Life as a ‘hermit’

What is this about being a ‘hermit’? Daniel mentions in one of his books a visit to a well known ‘saint’ in Romania, and perhaps the following picture is a remembrance of that:

At all events, there is a certain attraction to a more retired life, and it has been a well trodden path by men and women devotedly following Jesus – and serving their communities. Perhaps there is a problem with the word ‘hermit’, which may sound rather different in French (ermite), but it is hard to know how else to translate it, tending though it does to conjure up rather the wrong image. The point is made in the pieces that follow that an ermite is not a recluse; in fact Daniel is a busy man, rather busier than he perhaps desires. One would suggest judging an activity by its fruit, which in Daniel’s case particularly includes his wonderful contemplative books.

As a taste of a ‘hermit’s’ life, we can’t do much better than quote, in translation, from a number of accounts of visits to Daniel; a few of these can be found through google.fr. The first, nicely written, piece is from www.lafree.ch; the author is Gabrielle Desarzens.
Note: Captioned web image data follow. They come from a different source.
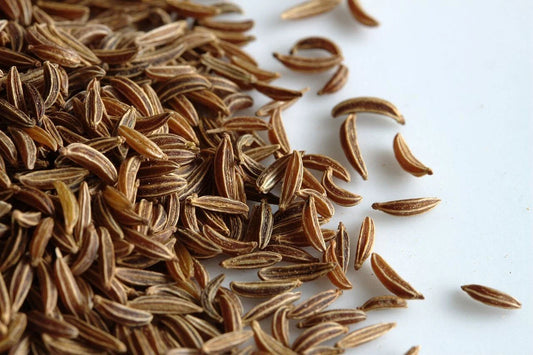 Caraway Seeds 1,000 Count for Growing Meridian Fennel, Persian Cumin Non-GMO, Carum carvi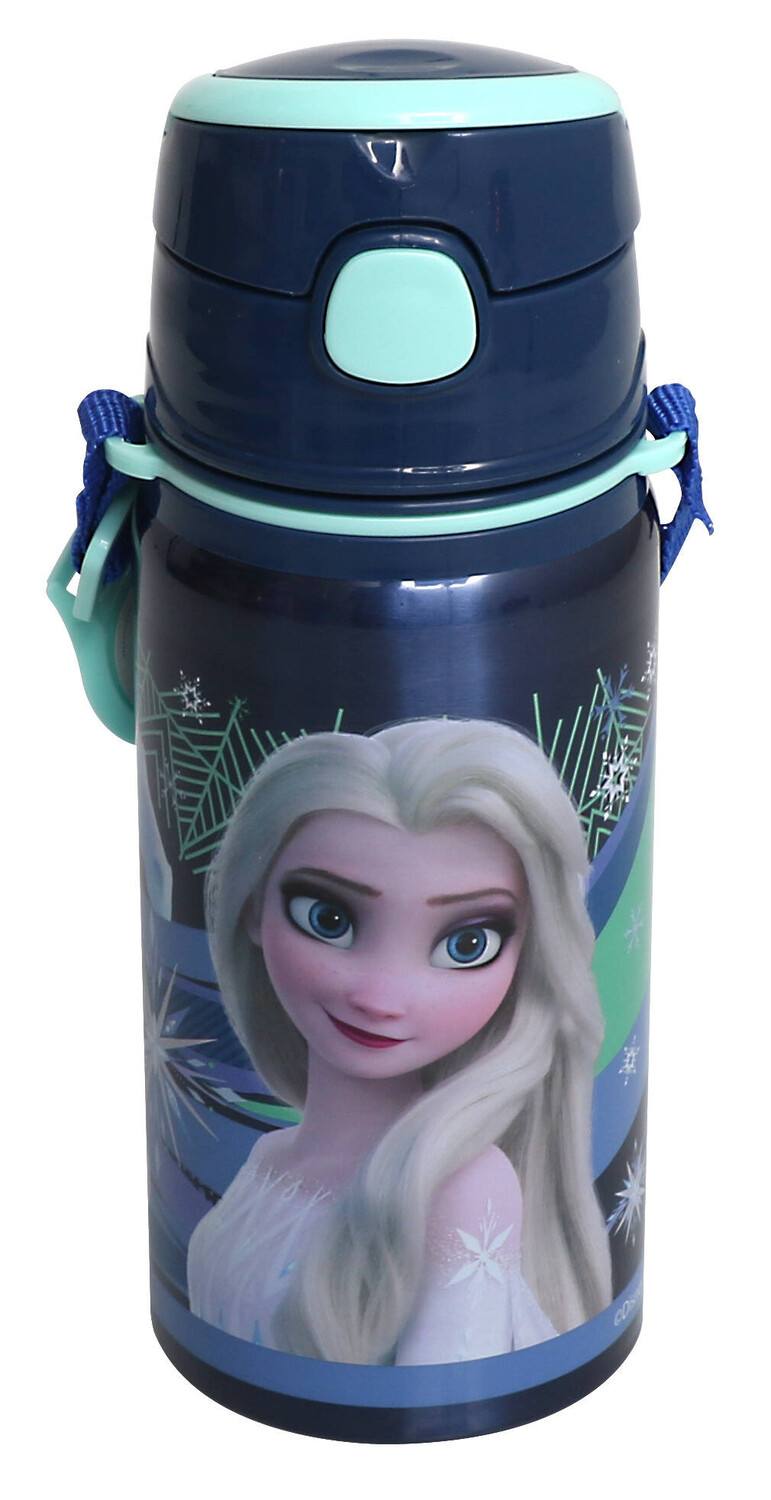 FROCX - FROZEN ÇELİK MATARA SALTO 500ML WILD SPIRITED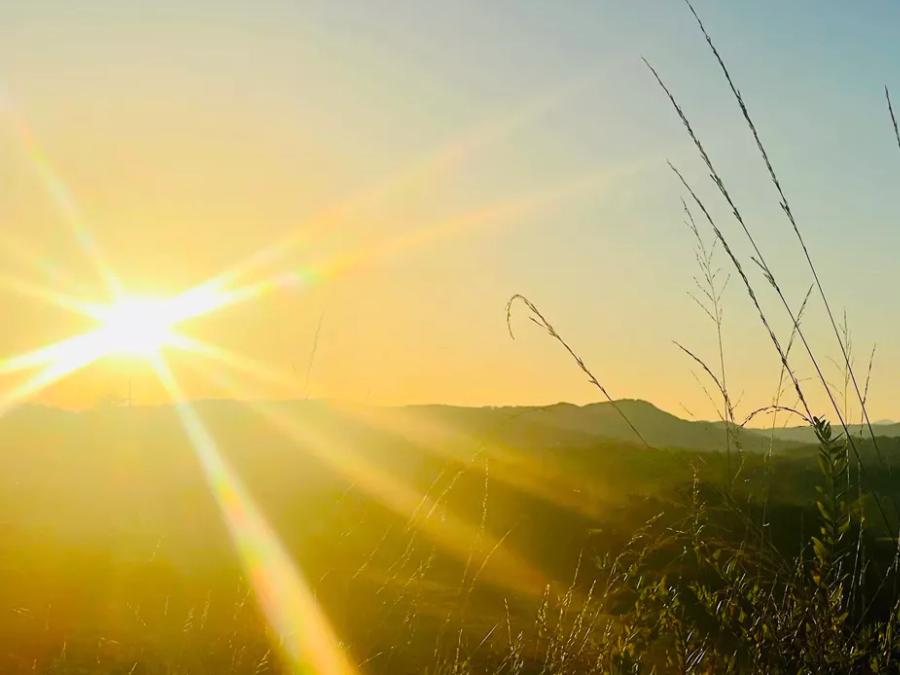 Flower Camping la Pibola, 3* - 10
An incursion into the world of Daniel Bourguet, hermit

You hear it said that places where people pray become places of beauty — or is it perhaps that the beauty of some places calls us to prayer? We’re going to find out! The path which leads to the cabin of hermit Daniel Bourguet in this gateway to the Cevennes is such a place; walking here is in itself an invitation to introspection. This October morning the hermit shows the way. He stops at the sheepfold to leave some mulberry leaves for the sheep; then he leads on to the edge of the forest where we see, a little further on, his log cabin, the other side of a patch of grass bordered by large chestnuts. He has lived here for 17 years now, in this one room hut, with its outlook into the surrounding forest.

A beneficent solitude

The generous beard, a smile in the eyes, he doesn’t particularly care to prepare for an interview and above all does not seek publicity since there are already plenty of people who seek him out. “It becomes more and more difficult; I live as far as possible from people but they come here. I often long for the solitude I need, which does me so much good.” For all this, Daniel Bourguet does not welcome his neighbour with any less compassion “. . . They don’t come here for no reason.” And because a hermit is not a recluse. “A recluse keeps his door permanently shut, unlike a hermit who could do with losing the key.” He laughs. “You have to understand that a hermit welcomes people as though each time he was welcoming Christ in the person who comes. Thus, the welcome is warm and attentive.”

In touch with the world

No electricity in his cabin. No television, no radio, no newspaper. The news of the world does make its way in through the words of those who come to see him. “I don’t know who won the World Cup, but I do know that children are mistreated, women violated, there are couples who break up, people who plan on suicide. I am up to date with all that because people tell me themselves; I get it straight!” Some come with deep wounds. Daniel listens; then he entrusts what he has heard to God. “Welcoming also means opening up to someone who opens up to me. There is therefore a profound dialogue. I realize that in our media filled world, so full of information, paradoxically few people are open to listening. That’s where the ermite comes in. To listen. And then to bear the world up in prayer. One day, deep in the Carpathians, I had the opportunity to meet a Romanian hermit, who told me this: ‘Remember that you are not a hermit on behalf of the protestants but of the whole world!'”

A life discipline

First a pastor in the French Reformed church some forty years ago, Daniel begins and finishes his days with prayer. He follows a regular and repetitive rhythm of life, marked by the three offices he celebrates at the Fraternité des Abeillères, the Cevennes retreat centre of the Veilleurs; by reading; and by his tapestry work, murals, the biblical motifs for which were designed by the pastor and painter Henri Lindegaard, whom he knows.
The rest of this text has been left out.